Application of AutoML Technique for Predicting Academic Performance of Students Öğrencilerin Akademik Performanslarının Tahmin Edilmesi için AutoML Tekniğinin Uygulanması


Aghalarova S., Keser S.

El-Cezeri Journal of Science and Engineering, vol.9, no.2, pp.394-412, 2022 (Scopus) identifier

  • Publication Type: Article / Article
  • Volume: 9 Issue: 2
  • Publication Date: 2022
  • Doi Number: 10.31202/ecjse.946505
  • Journal Name: El-Cezeri Journal of Science and Engineering
  • Journal Indexes: Scopus
  • Page Numbers: pp.394-412
  • Keywords: AutoML, Educational Data Mining, Machine Learning, Prediction Student Academic Performance
  • Eskisehir Osmangazi University Affiliated: Yes

Abstract

© 2022, TUBITAK. All rights reserved.Educational Data Mining is the development of data mining methods to facilitate the analysis of large amounts of data obtained from various educational sources. Issues such as providing feedback to educators, suggesting courses to students, identifying undesirable student behavior, and predicting the academic performance of students can be shown among the fields of Educational Data Mining. The quality of education can be improved with the improvements to be made in these areas by creating the right models. The selection of suitable machine learning algorithms to build accurate models is highly important for educators and data scientists.
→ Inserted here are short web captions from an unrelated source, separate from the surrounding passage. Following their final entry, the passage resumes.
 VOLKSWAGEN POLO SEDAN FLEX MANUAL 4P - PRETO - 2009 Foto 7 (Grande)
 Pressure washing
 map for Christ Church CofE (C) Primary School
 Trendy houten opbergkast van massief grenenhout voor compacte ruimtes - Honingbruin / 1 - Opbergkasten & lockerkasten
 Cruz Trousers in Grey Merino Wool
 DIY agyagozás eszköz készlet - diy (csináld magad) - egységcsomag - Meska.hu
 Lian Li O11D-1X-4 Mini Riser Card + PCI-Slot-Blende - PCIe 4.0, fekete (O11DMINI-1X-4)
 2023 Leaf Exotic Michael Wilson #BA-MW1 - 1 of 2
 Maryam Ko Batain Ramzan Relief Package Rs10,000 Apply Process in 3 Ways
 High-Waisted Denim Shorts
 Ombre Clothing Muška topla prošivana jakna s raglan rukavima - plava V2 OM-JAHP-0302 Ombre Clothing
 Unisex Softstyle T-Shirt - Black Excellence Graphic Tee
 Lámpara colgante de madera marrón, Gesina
In this study, the best model for the dataset used in the study is investigated with the Automatic Machine Learning method in order to predict the students' academic performance. The best model can be found without dealing with difficult tasks such as data preprocessing, model selection, and hyper-parameter optimization using Automatic Machine Learning. In the study, the Distributed Random Forest algorithm is determined as the best algorithm for the real-world data set. And, the hyper-parameters of the algorithm are optimized using grid search. In the results of the experiments, the default hyper-parameters of the Distributed Random Forest algorithm and the accuracy and f-score values were obtained as 77.50% and 80.01%, respectively. For the optimal hyper-parameters found by grid search, the accuracy and f-score values are calculated as 82.30% and 82.50%, respectively. In the study, the proposed AutoML method is compared with traditional machine learning algorithms include KNN and SVM. The proposed method achieves higher results than both algorithms.